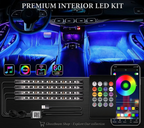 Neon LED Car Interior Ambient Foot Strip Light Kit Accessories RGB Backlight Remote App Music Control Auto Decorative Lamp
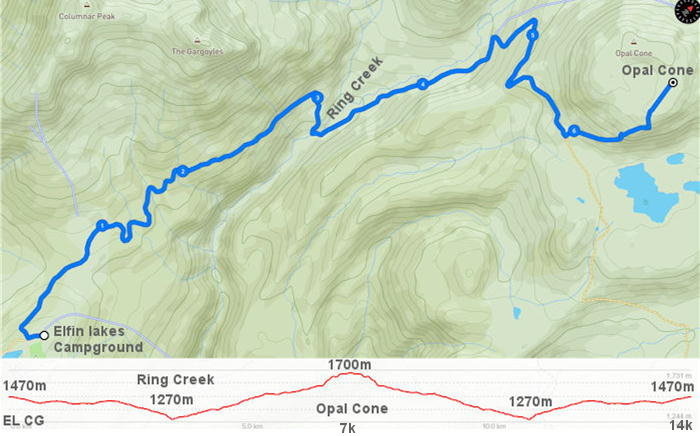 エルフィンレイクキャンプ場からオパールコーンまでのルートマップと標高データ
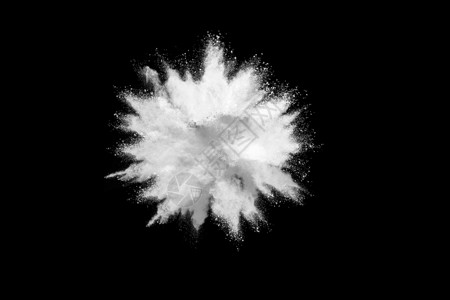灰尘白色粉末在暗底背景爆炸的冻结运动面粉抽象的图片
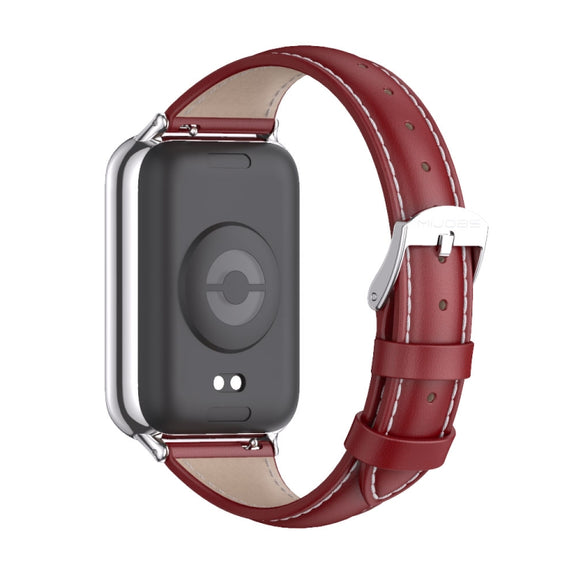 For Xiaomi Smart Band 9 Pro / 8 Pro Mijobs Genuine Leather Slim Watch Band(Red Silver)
* * *
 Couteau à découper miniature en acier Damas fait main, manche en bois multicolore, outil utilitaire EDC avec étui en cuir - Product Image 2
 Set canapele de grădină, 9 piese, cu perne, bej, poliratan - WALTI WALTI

** Work instruction **
What is wanted is an exact copy of the lines above from the one containing "灰尘白色粉末在暗底背景爆炸的冻结运动面粉抽象的图片" through the one containing "For Xiaomi Smart", with no pictures in it.

** Response for this exercise **
灰尘白色粉末在暗底背景爆炸的冻结运动面粉抽象的图片
 For Xiaomi Smart Band 9 Pro / 8 Pro Mijobs Genuine Leather Slim Watch Band(Red Silver)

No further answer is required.